■ Task description: When a line of the entries contains the word "return", report that line.

■ Given information:
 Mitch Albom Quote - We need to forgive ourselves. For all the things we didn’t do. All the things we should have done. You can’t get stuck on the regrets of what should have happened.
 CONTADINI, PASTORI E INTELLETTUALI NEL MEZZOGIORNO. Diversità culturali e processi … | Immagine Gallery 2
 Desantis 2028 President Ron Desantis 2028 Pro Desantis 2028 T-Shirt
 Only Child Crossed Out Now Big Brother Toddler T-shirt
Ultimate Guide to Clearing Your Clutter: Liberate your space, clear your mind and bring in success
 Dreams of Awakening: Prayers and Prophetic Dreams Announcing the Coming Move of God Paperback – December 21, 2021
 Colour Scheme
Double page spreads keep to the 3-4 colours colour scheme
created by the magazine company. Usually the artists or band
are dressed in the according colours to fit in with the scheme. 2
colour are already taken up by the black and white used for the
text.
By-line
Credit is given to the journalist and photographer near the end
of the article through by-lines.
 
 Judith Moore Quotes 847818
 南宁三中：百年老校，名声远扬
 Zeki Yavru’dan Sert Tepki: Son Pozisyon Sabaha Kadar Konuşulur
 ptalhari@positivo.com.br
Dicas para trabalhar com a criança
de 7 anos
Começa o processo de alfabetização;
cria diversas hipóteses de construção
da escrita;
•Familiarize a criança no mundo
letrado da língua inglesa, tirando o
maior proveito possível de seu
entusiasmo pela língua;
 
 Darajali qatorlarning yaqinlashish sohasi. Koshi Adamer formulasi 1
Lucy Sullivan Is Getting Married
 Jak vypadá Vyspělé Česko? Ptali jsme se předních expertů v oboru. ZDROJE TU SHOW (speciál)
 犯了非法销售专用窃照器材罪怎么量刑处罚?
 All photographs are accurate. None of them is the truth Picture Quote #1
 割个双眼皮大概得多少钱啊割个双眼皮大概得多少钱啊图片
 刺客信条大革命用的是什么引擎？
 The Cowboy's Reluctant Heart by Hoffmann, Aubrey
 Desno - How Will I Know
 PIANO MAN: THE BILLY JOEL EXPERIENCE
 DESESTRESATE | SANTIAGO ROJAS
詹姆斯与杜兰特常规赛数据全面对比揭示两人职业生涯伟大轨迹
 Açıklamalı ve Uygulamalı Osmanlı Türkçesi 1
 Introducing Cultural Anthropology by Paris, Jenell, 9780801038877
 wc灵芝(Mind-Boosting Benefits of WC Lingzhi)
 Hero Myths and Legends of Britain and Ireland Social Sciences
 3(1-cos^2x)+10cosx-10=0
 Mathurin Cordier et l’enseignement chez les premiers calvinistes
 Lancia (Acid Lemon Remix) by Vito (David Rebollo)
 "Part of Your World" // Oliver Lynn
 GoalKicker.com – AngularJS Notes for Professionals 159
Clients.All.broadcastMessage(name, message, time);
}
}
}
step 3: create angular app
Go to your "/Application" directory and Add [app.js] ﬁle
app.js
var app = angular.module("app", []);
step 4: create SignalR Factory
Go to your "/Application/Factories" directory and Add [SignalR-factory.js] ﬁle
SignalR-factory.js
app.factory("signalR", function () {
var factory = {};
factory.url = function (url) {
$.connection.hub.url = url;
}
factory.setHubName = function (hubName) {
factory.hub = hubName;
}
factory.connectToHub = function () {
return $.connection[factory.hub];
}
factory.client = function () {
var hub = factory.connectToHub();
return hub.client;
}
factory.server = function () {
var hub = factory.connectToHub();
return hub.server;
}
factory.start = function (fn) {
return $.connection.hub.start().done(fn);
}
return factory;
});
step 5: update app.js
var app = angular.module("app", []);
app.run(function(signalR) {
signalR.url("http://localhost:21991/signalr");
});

■ Written answer:
return $.connection[factory.hub];
return hub.client;
return hub.server;
return $.connection.hub.start().done(fn);
return factory;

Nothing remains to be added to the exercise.